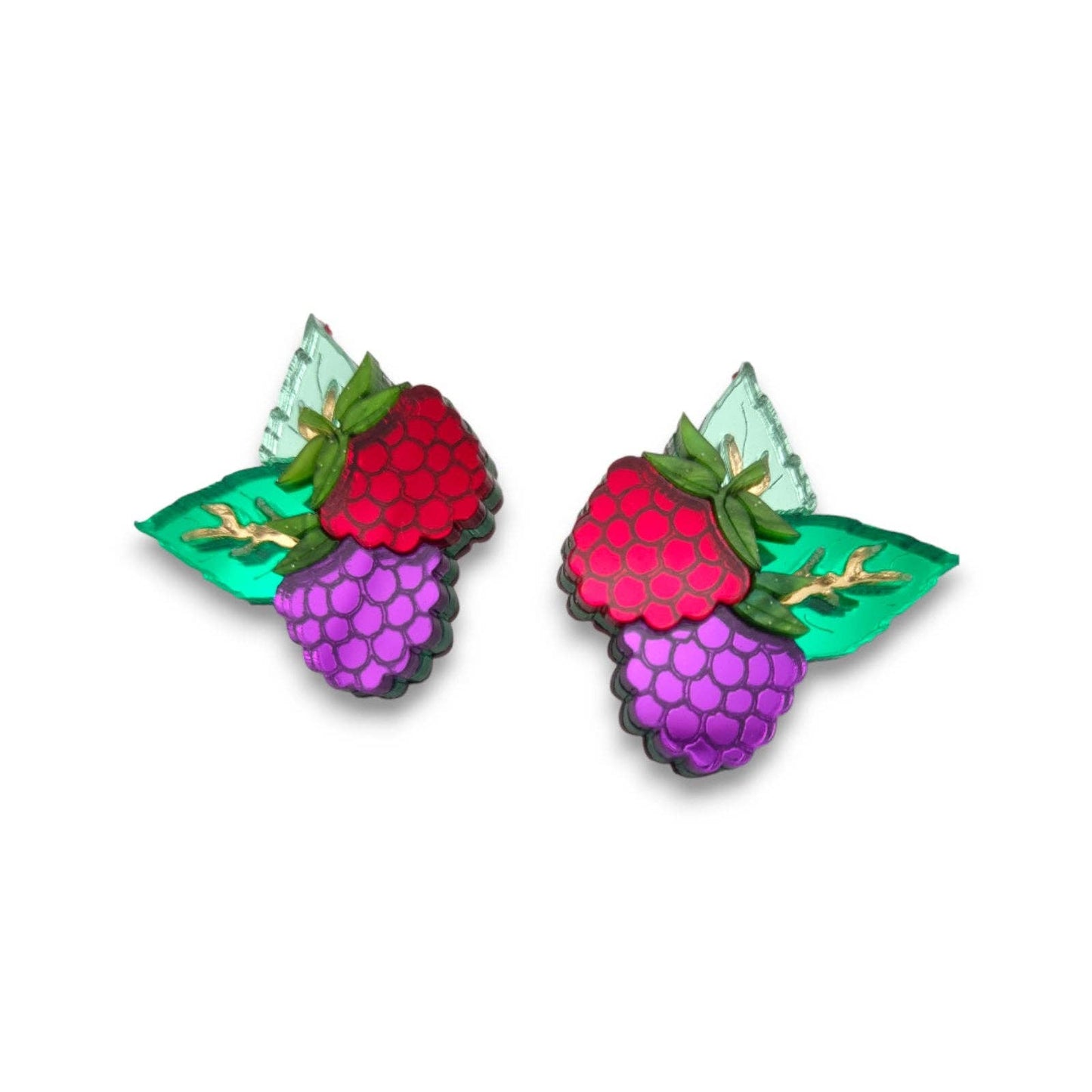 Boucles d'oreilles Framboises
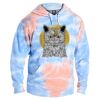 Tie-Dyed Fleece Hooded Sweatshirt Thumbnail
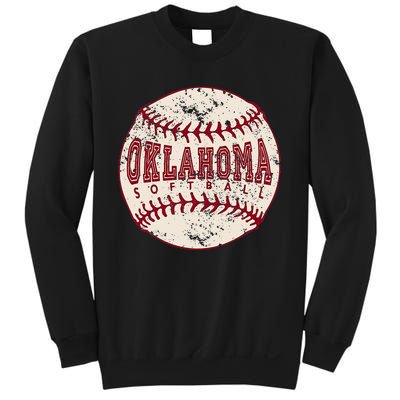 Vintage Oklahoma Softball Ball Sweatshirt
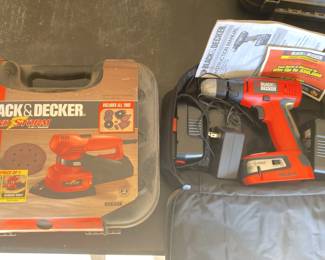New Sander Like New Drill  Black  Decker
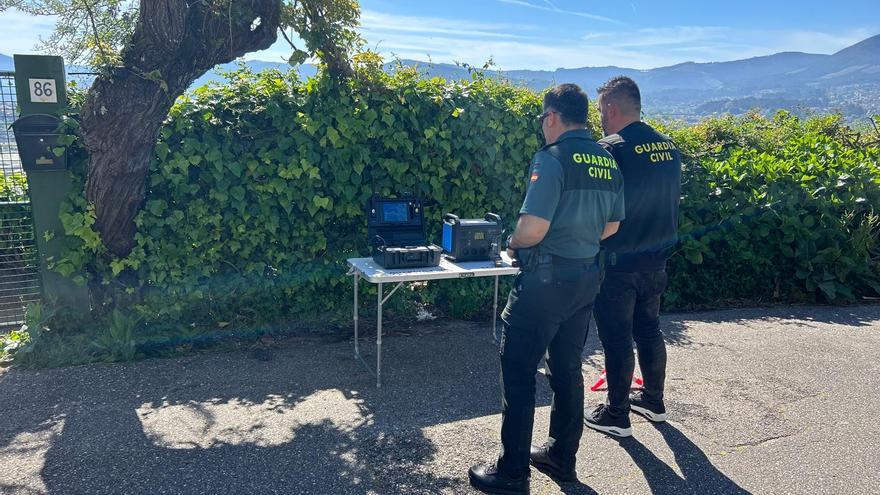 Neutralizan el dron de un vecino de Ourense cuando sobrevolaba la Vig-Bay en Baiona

= = = = =

Work to complete = Nothing but the lines from the line with "Vintage Oklahoma Softball Ball Sweatshirt" through the last line of the listing above should be repeated, and pictures should be left out.

Solution for this problem =
 Vintage Oklahoma Softball Ball Sweatshirt
New Sander Like New Drill  Black  Decker
 Neutralizan el dron de un vecino de Ourense cuando sobrevolaba la Vig-Bay en Baiona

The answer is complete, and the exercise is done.